__Supplied data__
========================================

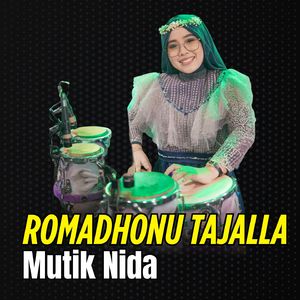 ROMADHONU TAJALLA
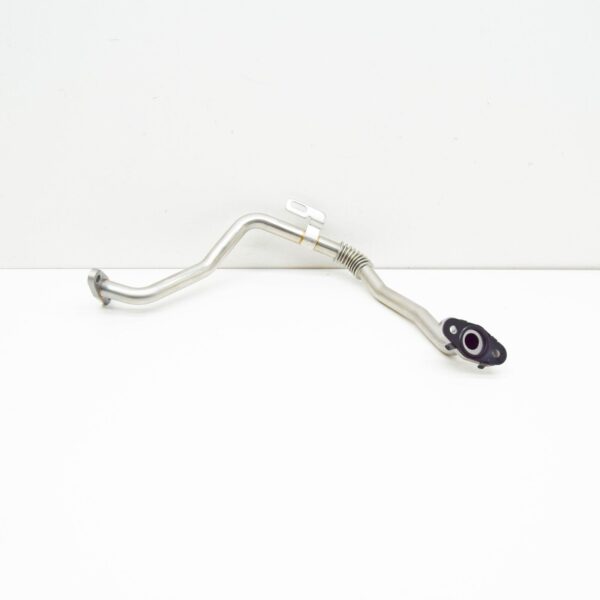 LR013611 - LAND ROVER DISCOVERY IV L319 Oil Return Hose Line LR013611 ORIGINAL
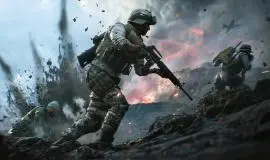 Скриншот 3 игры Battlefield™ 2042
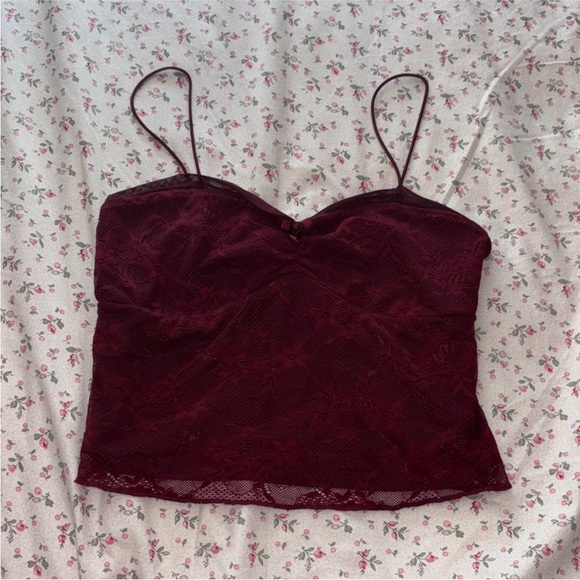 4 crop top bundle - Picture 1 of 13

========================================

__Instructions to follow__
Return every line above verbatim, pictures excluded.

__Exercise answer__
 ROMADHONU TAJALLA
 LR013611 - LAND ROVER DISCOVERY IV L319 Oil Return Hose Line LR013611 ORIGINAL
 Скриншот 3 игры Battlefield™ 2042
 4 crop top bundle - Picture 1 of 13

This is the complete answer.